Ella se mantenía pegada a él. Ella debió abrir el apartamento que cerró pensando que no vería más. Alberto pasó hasta el cuarto de Biel con él cargado. Mariana permanecía acostada en el sofá llorando. Cuando regresó de la habitación hizo que se incorporara y la abrazó, tomó el rostro de ella entre sus manos.

—No estás sola, me duele cuando crees que lo estás, porque estoy aquí, para ti, para Biel, para los dos. Me duele que pensaras irte así, no sabría más de ustedes y no podría ayudarlos.

—No se lo quiero entregar mañana, no voy a poder, Alberto. Me muero.

—Yo lo haré. Estaré aquí contigo. Ahora mismo me quedaré aquí.

Alberto guardó las cosas de Mariana en la cocina, en el baño y en su habitación, ella solo lo seguía con la mirada. Lo vio reír cuando notó los dulces y los juguetes, sus miradas se cruzaron y Alberto se los señaló.

—Esto me dio ternura, pero tristeza a la vez. Lucas no sabe lo que está haciendo. Lo haremos recapacitar.

—¿Cómo supiste que me iba? —preguntó con voz monótona.

—Hugo, el vigilante, me llamó, yo le había advertido que te echara un ojo. Me dijo que le pareció raro que tú llevaras tantas maletas y yo no estuviera ayudándote, no se creyó lo de que Isabel y yo te alcanzaríamos luego, él ya le había advertido al taxista que si se lo indicaba debía regresar. Que quizás estabas huyendo.

Mariana negó con la cabeza. Alberto se hizo espacio junto a ella en el sofá y se quedaron dormidos. Un golpe contra la puerta la despertó. Estaba adolorida, miró la hora y eran las siete de la mañana, apartó a Alberto y se levantó. Recordó lo que había pasado el día anterior y se sintió miserable y triste, se asomó por el hoyo en la puerta. Era Lucas.

Lloró contra la puerta y terminó enrollada en el piso llorando mientras él seguía tocando. Alberto se despertó y le preguntó qué pasaba.

—Lucas está aquí.

Mariana abrió la puerta y lo miró a los ojos.

—Es demasiado temprano —dijo ella entre llantos.

—Mariana. ¡Por favor!

—¡Por favor, tú! —le dijo y se echó sobre su pecho, lloró y él la abrazó. Frotó sus brazos y apoyó su cabeza sobre la de ella.

—Necesito que te calmes —le dijo Lucas con tono amable. Todo va a estar bien. Te lo prometo, no tienes que ponerte así. Serán unos días. Los fines de semana lo tendrás aquí.

Ella negó y se apartó de él. Se echó sobre el sofá y se acurrucó con los cojines, se puso en posición fetal. Oyó a Lucas suspirar.

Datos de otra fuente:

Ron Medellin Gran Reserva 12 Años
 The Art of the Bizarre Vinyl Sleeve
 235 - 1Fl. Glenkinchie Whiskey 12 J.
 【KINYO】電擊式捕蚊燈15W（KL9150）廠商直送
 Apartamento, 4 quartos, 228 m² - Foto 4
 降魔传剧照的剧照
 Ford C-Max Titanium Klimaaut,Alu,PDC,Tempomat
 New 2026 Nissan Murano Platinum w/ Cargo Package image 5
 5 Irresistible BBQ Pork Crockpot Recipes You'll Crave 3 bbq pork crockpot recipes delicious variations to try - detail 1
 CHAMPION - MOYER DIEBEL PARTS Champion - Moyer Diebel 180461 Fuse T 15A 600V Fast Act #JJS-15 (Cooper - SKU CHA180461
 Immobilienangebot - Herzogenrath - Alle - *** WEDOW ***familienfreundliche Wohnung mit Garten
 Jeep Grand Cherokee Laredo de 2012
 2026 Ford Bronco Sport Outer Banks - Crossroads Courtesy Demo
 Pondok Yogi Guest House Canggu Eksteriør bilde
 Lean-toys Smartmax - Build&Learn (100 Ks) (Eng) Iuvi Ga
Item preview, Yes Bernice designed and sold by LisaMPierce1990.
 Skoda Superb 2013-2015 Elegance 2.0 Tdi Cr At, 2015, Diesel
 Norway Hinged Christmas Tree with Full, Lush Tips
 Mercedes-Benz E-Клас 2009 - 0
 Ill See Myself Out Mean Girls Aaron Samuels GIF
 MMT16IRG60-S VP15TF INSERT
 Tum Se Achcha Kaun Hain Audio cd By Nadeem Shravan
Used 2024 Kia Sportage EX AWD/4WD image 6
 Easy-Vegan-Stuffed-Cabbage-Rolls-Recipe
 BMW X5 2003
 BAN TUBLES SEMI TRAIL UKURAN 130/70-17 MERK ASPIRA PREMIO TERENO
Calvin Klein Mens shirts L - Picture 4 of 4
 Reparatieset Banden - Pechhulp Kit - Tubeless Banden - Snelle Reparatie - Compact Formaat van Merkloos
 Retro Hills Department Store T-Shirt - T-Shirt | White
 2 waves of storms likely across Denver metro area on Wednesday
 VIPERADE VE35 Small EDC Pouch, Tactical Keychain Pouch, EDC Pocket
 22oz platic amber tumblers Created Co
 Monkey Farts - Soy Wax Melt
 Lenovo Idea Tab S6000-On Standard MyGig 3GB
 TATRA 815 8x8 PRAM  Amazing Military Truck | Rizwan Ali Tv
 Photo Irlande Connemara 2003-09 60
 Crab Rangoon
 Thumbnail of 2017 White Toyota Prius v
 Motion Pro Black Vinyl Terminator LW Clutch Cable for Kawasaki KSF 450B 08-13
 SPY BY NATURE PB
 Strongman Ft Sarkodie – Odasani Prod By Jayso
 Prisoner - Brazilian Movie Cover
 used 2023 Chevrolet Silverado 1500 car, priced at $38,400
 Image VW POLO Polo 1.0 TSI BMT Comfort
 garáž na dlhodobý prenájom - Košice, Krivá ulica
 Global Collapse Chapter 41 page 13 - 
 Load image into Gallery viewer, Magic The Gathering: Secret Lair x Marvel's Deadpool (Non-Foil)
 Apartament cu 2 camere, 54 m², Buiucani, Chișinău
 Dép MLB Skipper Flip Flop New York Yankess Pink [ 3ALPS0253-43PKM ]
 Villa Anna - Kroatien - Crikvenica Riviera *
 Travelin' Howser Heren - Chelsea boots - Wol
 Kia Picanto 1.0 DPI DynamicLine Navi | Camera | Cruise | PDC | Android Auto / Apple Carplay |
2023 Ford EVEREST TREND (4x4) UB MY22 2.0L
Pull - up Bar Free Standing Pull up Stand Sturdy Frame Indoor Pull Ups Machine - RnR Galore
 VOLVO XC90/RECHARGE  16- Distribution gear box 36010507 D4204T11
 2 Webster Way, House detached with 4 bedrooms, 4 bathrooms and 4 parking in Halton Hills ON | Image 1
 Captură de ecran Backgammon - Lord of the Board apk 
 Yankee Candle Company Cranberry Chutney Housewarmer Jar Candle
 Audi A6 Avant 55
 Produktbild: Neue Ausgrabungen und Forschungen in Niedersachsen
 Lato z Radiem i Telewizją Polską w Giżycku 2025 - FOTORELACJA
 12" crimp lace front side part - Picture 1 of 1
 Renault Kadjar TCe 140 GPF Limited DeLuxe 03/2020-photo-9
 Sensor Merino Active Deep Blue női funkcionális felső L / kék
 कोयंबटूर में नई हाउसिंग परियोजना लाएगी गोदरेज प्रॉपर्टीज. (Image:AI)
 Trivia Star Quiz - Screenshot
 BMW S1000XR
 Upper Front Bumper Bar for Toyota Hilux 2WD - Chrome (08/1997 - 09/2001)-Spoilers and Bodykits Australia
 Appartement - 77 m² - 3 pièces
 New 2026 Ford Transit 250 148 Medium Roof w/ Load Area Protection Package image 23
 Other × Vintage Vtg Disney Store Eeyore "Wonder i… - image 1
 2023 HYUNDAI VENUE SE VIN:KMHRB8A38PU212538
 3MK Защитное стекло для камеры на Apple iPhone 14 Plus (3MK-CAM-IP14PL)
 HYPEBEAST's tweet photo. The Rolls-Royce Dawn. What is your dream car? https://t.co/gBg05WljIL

—El niño ni se ha despertado —dijo Alberto.

—¿Lo puedo esperar en tu casa? —preguntó Lucas con débil tono de voz.

—Sí, ve. Debes tener la llave. En un momento voy con el niño.

—Bien.

Mariana no quiso mirarlo, mantuvo el rostro contra el cojín. Oyó la puerta.

—Mariana. Hagamos esto, es duro, yo sé, pero más temprano que tarde estarás de vuelta con el niño como antes.

Mariana siguió a Alberto, quien despertó al niño y lo preparó para entregarlo. Mariana le sirvió desayuno.